Unfortunately for MLB fans, most of the divisional races do not have much excitement entering the final few weeks of the regular season. The playoff picture is already fairly clear, with most of the drama likely to come from the Wild Card races.

However, the award races are a totally different story. Christian Yelich’s broken kneecap is a horrific end to one of the greatest calendar years in MLB history, but it also has added another element to the National League MVP chase. Similarly, Justin Verlander’s top competitor for the American League Cy Young might be one of his own teammates.

While the Rookie of the Year awards are likely wrapped up (with Pete Alonso and Yordan Alvarez likely to win in their respective leagues) and the voters would be felonious not to name Mike Trout the AL MVP, there are plenty of individual players that can make waves with their performances in the final stretch.

Here are the most intriguing award races to watch in the final weeks of the MLB season:


The NL MVP race was already extremely intriguing before Yelich went down, but is it even more intriguing with him likely out of the picture?
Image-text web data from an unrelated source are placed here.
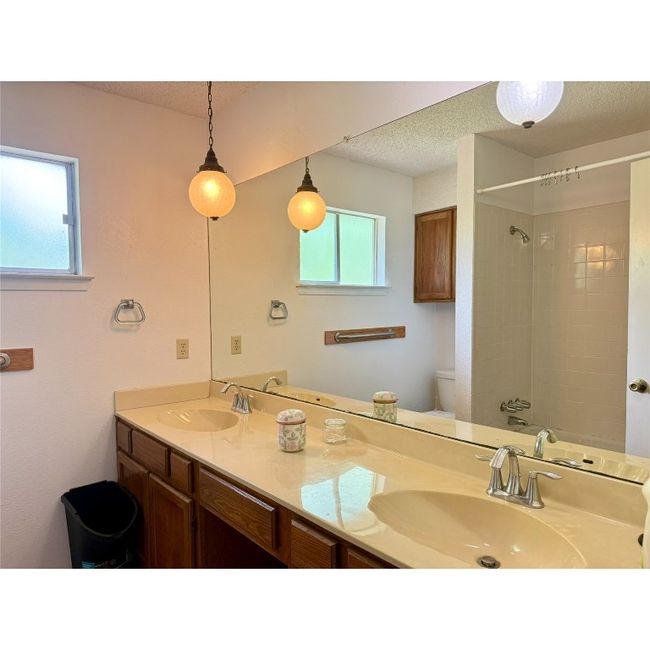 Bathroom with vanity and a tub with shower | Image 23
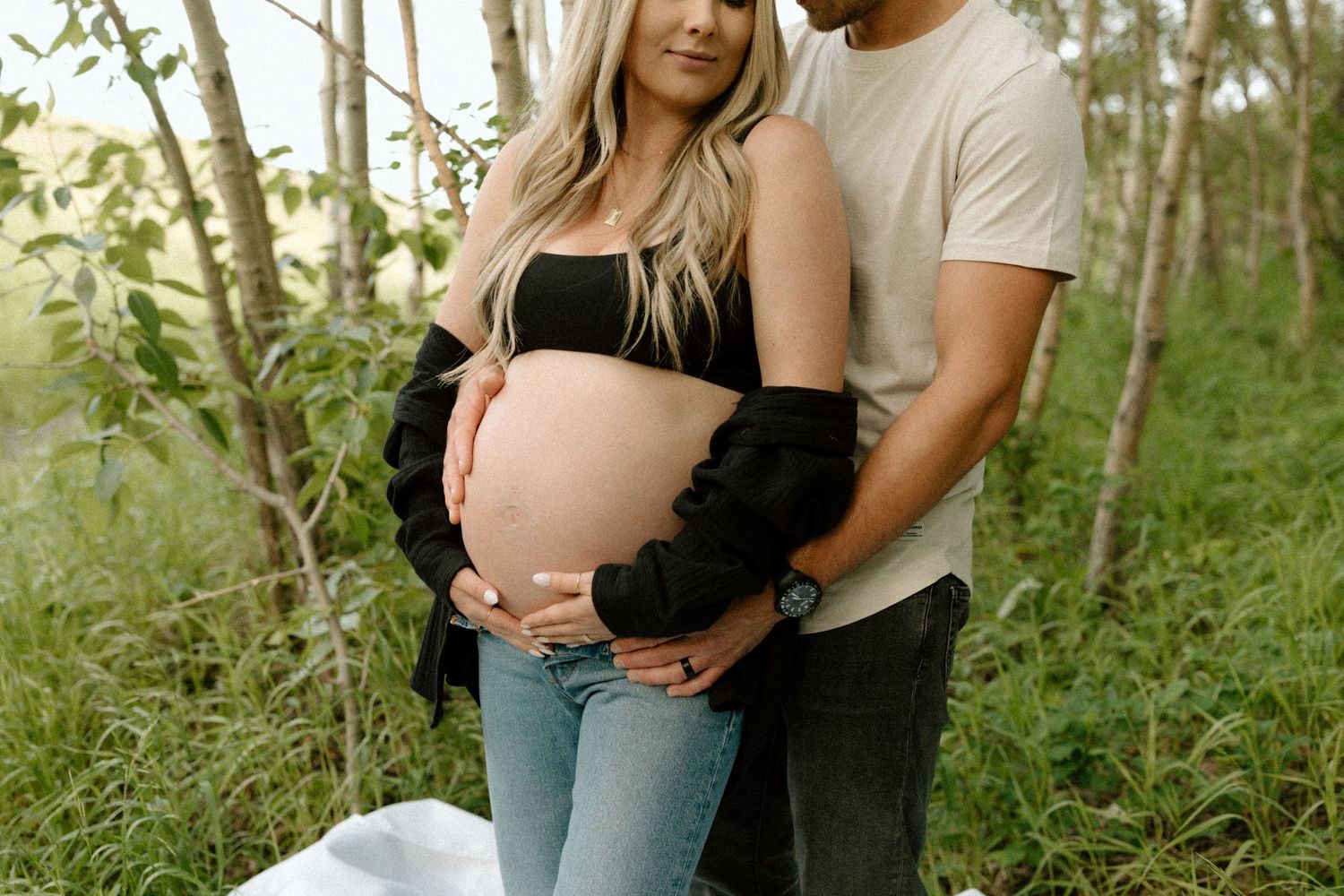 Couple embraces in a sun-dappled forest setting during pregnancy photoshoot with her wearing black crop top and jeans.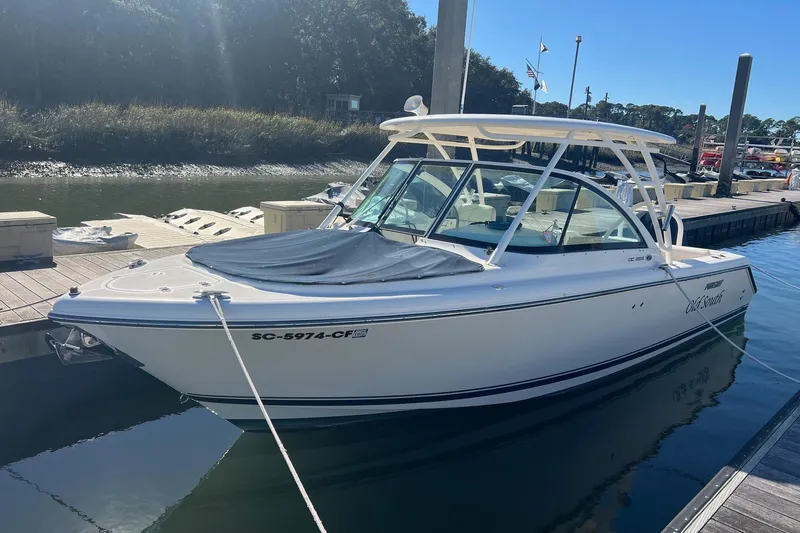 The Image of 2012 Pursuit DC 265 Dual Console boat docked at marina under clear sky. - 0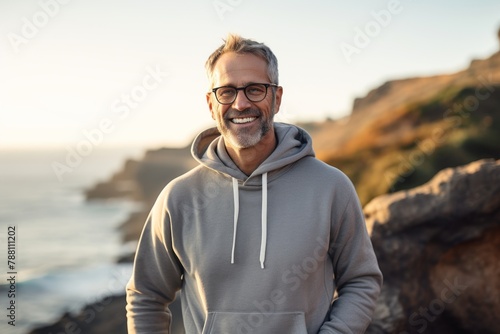 Portrait of a smiling man in his 50s dressed in a comfy fleece pullover isolated in rocky shoreline background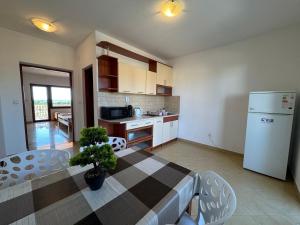 a kitchen with a table and a white refrigerator at Apartments Bernarda 2 in Nin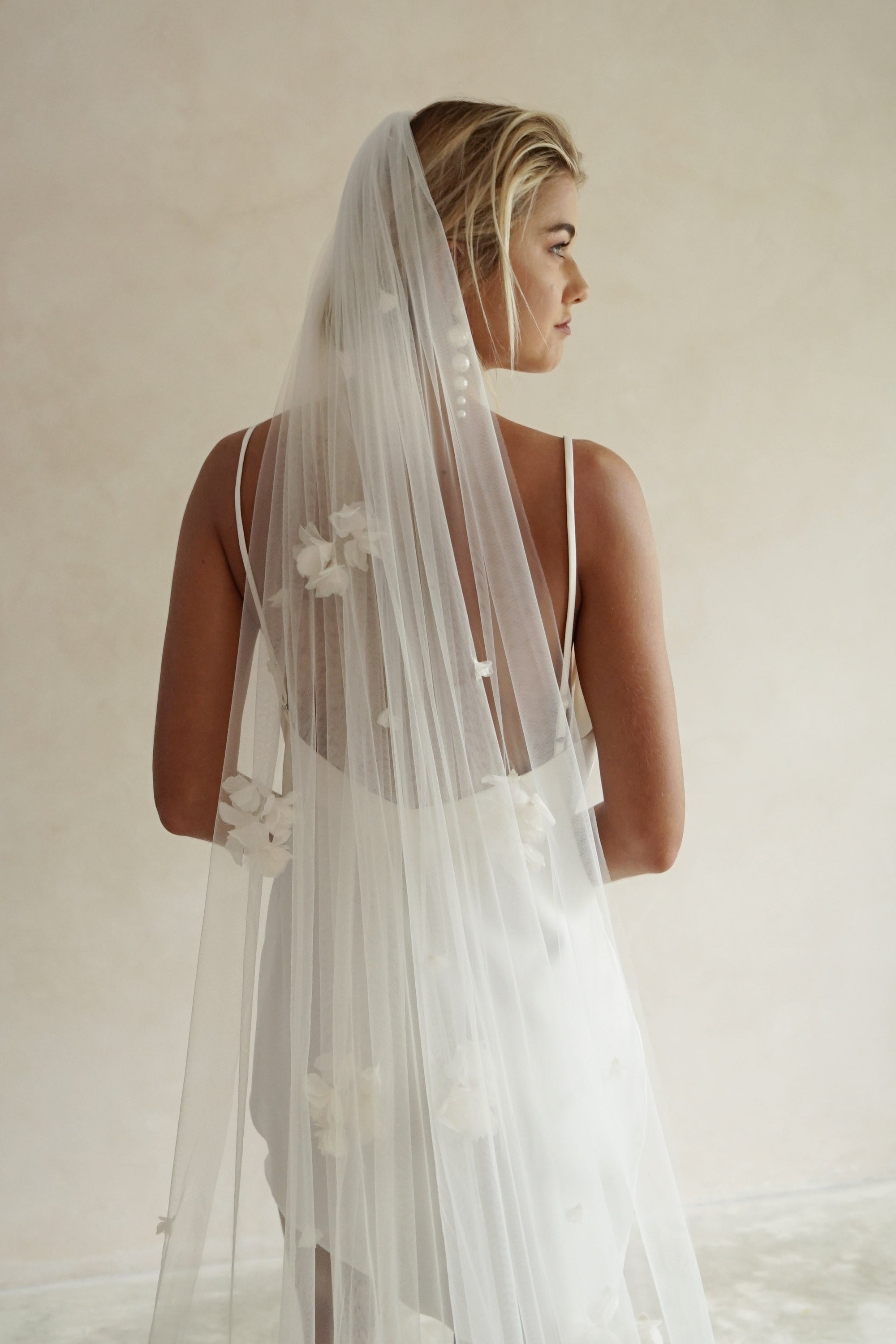 model wears wedding veil with fabric flowers, floral veil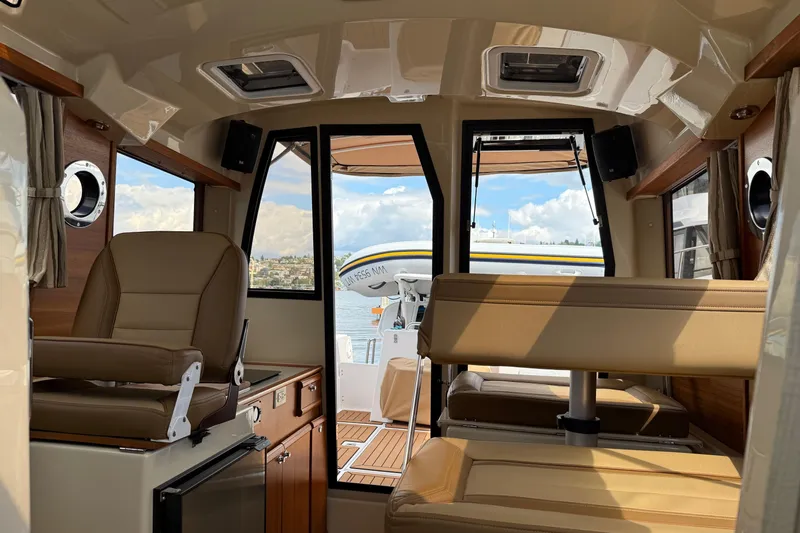  Yacht Photos Pics Interior of 2024 Ranger Tugs R-25 boat with seating and water view.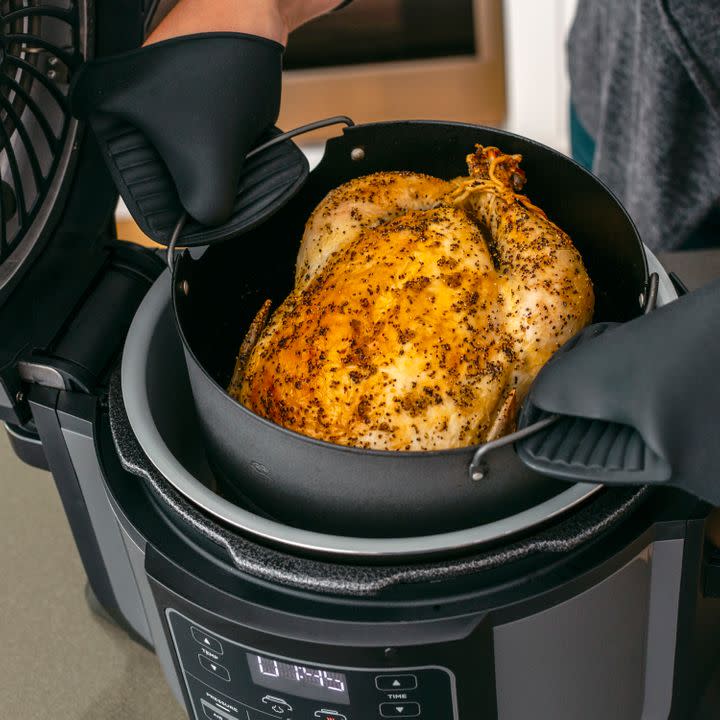 The Ninja Foodi does the work of a pressure cooker, air fryer, steamer and slow cooker all in one. Get it on sale at Walmart right now for $180.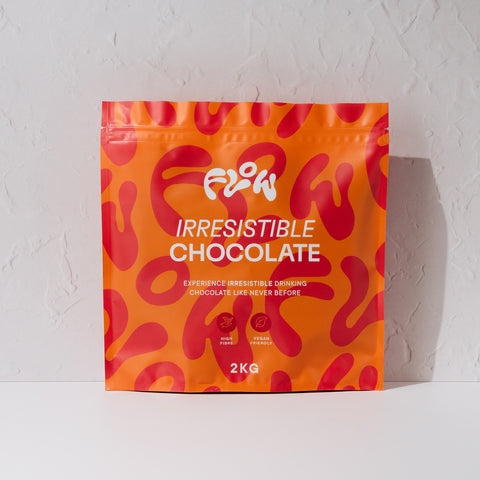 Front view of the Flow by Blendsmiths Irresistible Chocolate 2kg pouch in orange and red, labelled high fibre and vegan friendly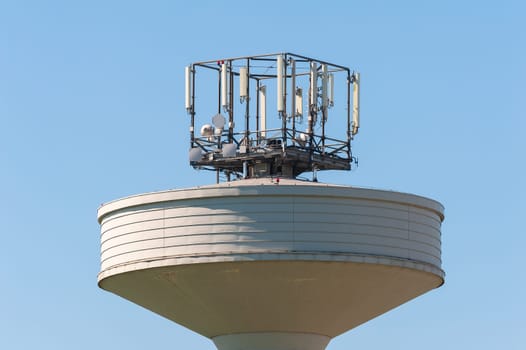 Water tank tower surmounted with a telephone repeater antennas against il cielo blu.Copy space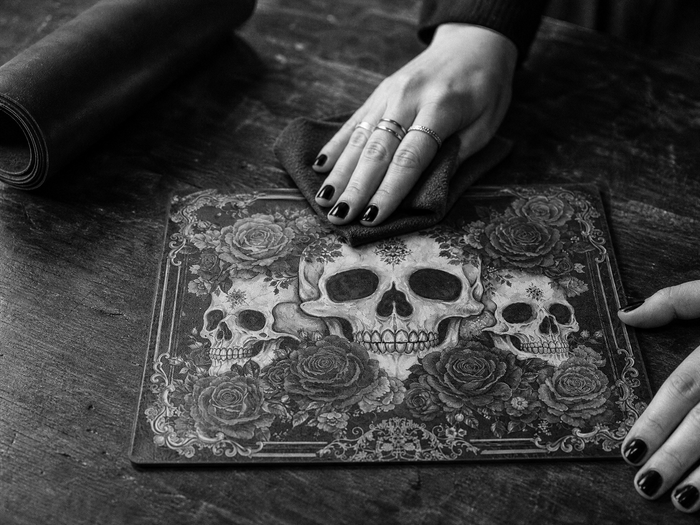 Hands smoothing the printed bloodrose artwork panel on the worktable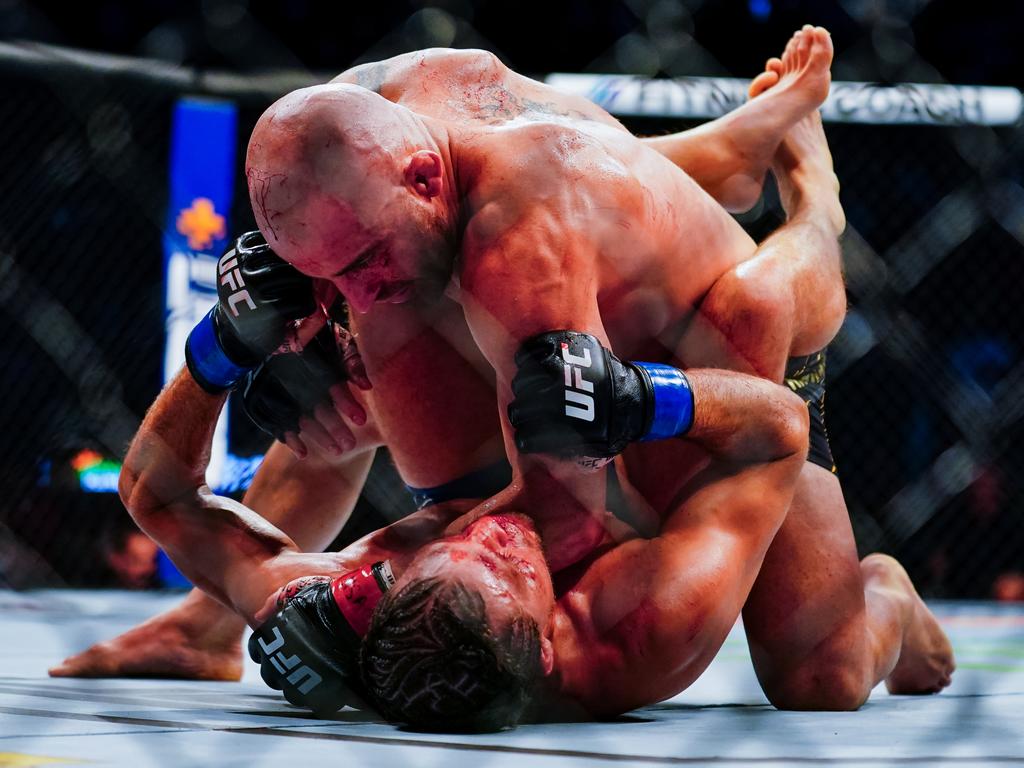 Alexander Volkanovski lands a vicious elbow during his war with Brian Ortega. Picture: Alex Bierens de Haan/Getty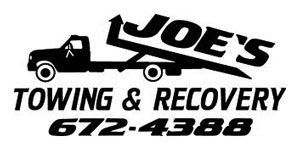 A black and white logo for joe 's towing and recovery.
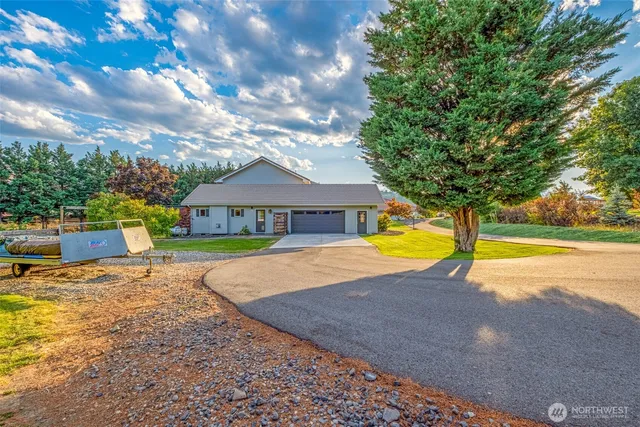 a view of a house with swimming pool and yard with trees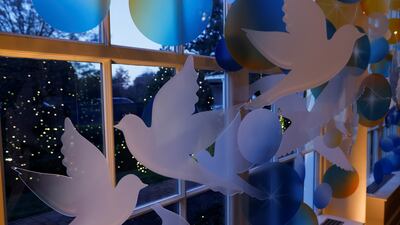 Doves and shooting stars decorate the East Colonnade of the White House. Reuters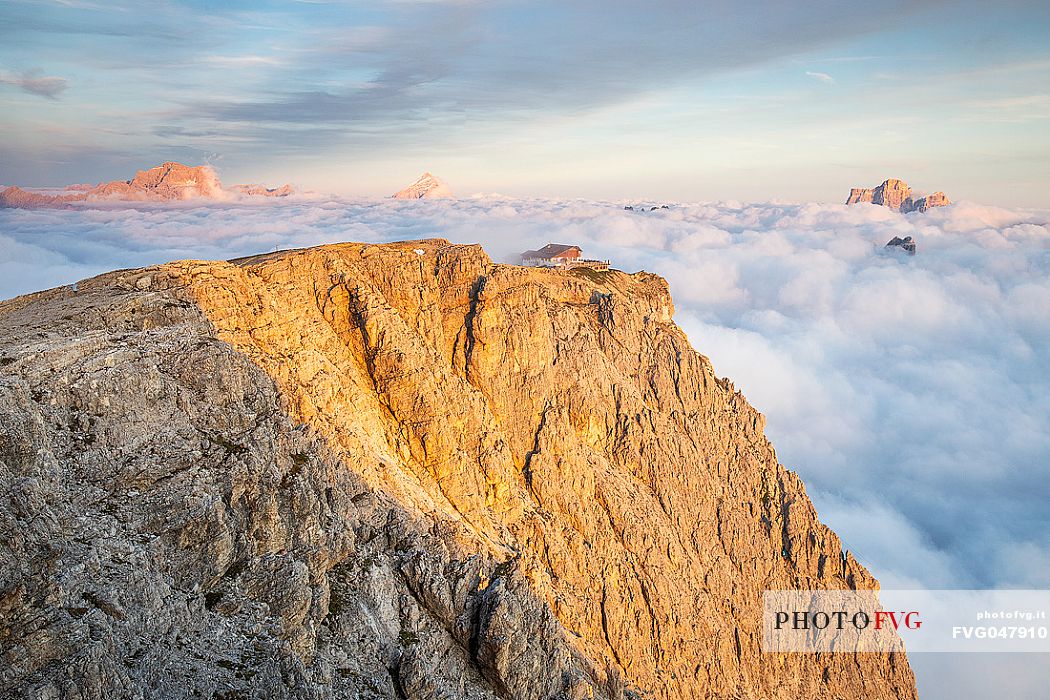 Panoramic view towards Lagazuoi refuge with Pelmo and Sorapiss peaks coming up from clouds, Cortina d'Ampezzo, dolomites, Veneto, Italy, Europe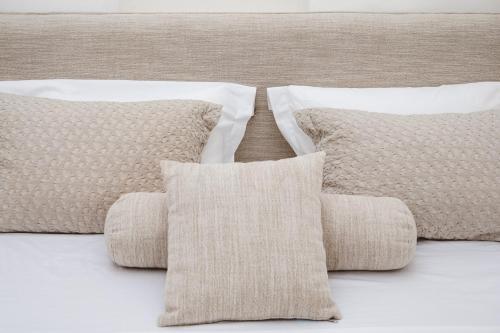a group of pillows sitting on top of a bed at Pnoe in Mýkonos City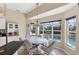 Eat-in kitchen with bay window and view of the pool area at 1207 Highland Greens Dr, Venice, FL 34285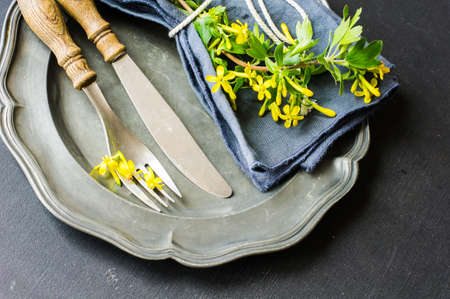 Spring table setting with blooming tree branch with  yellow flowers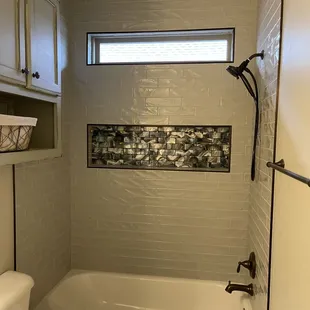 a bathroom with a tub, toilet, and sink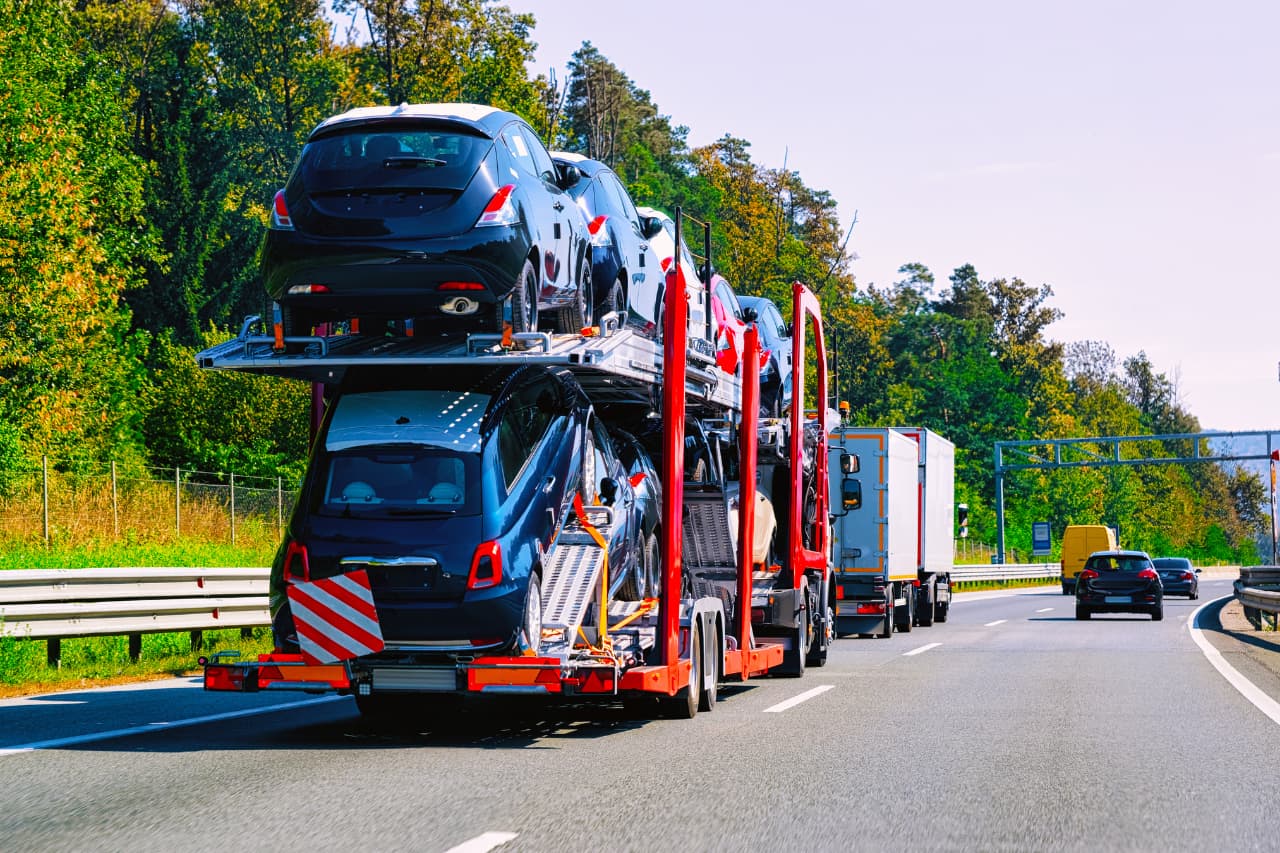 A car transporter carrying multiple cars travels on a highway, showcasing the efficiency of expert freight and logistics services. Trucks and other vehicles share the road, while trees line the way under a clear sky.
Might he still have a chance at actually winning the award? Who is being overlooked?

Prior to the injury, there is reason to believe that Yelich may have been the leading candidate to receive his second consecutive MVP award. He led the National League in OBP, OPS+ (178) and fWAR (7.7) while leading the majors in slugging (.671) and OPS (1.100). Just for good measure, Yelich also had 30 stolen bases to add to his case.

However, it is in his absence that we might find out just how impactful his loss is for a Brewers team that was just one game out of a Wild Card spot entering play on Wednesday. Should Milwaukee collapse without their superstar, would that justify giving the award to Yelich anyway, especially given his numbers before the injury?

Of course, Cody Bellinger would say “absolutely not.” The Dodgers have actually been a team that has been in flux, despite their dominance. Remember that Corey Seager, Justin Turner, A.J. Pollock, Chris Taylor and now Max Muncy have all missed extended time due to injury. Bellinger has been the one consistent source of excellence.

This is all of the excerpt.